(Web page caption snippets)
/---

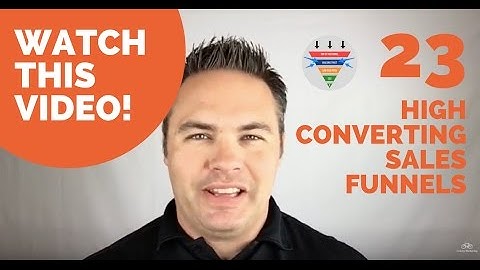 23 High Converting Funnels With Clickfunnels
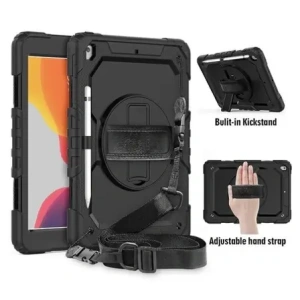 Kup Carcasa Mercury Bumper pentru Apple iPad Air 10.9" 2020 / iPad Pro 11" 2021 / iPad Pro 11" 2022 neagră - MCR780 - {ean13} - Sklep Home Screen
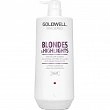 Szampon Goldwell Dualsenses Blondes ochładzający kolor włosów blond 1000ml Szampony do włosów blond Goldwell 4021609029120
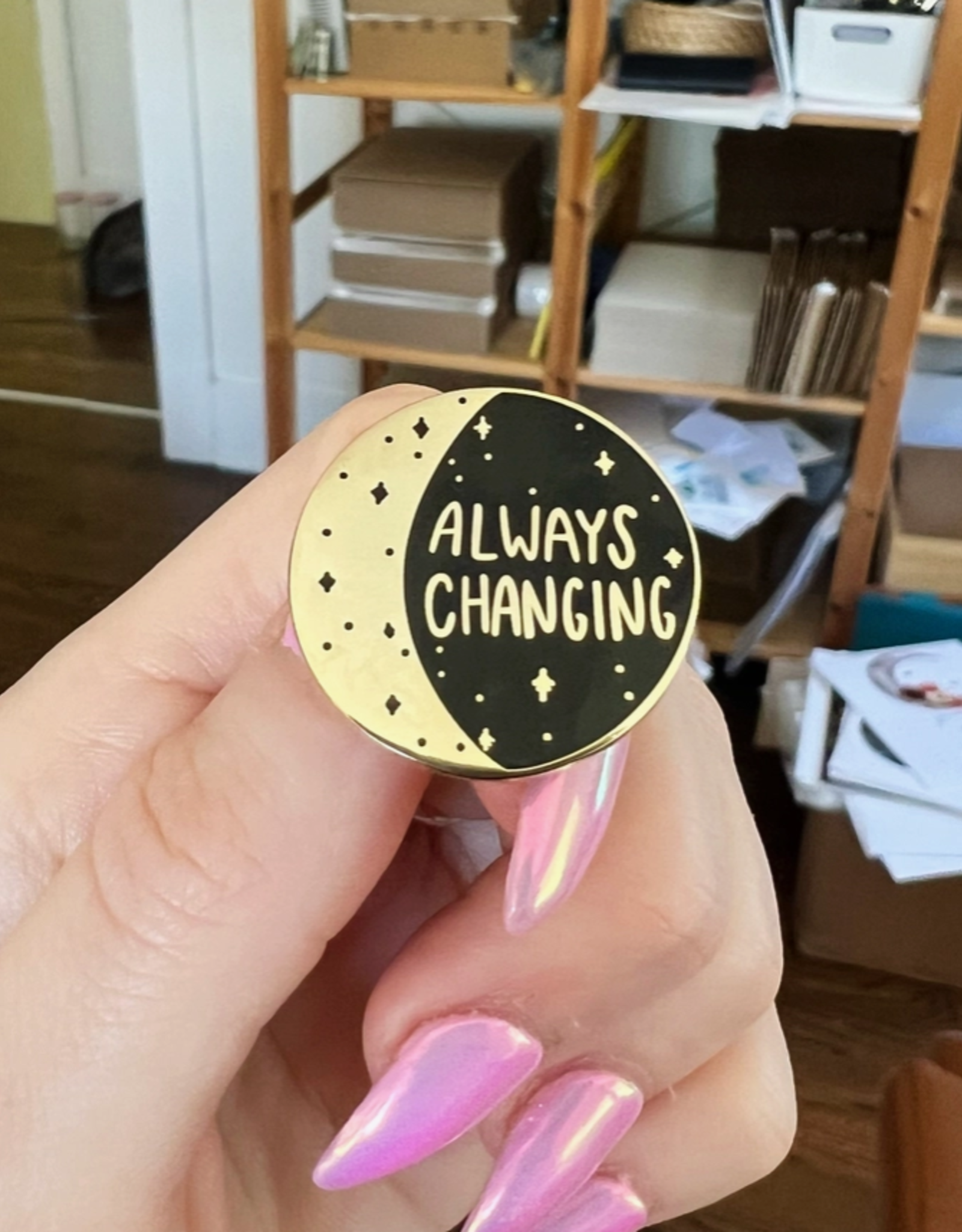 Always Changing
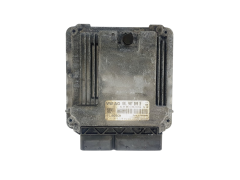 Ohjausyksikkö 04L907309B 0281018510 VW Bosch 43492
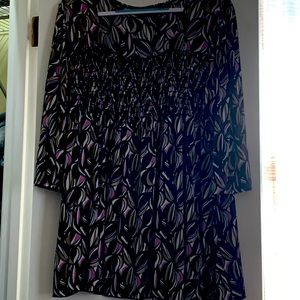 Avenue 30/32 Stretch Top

\---

**What is needed:**
Ending at the line with "Kup Carcasa Mercury", reproduce exactly the lines that begin at the top of the data, and include no pictures.

**Answer to this task:**
 23 High Converting Funnels With Clickfunnels
 Kup Carcasa Mercury Bumper pentru Apple iPad Air 10.9" 2020 / iPad Pro 11" 2021 / iPad Pro 11" 2022 neagră - MCR780 - {ean13} - Sklep Home Screen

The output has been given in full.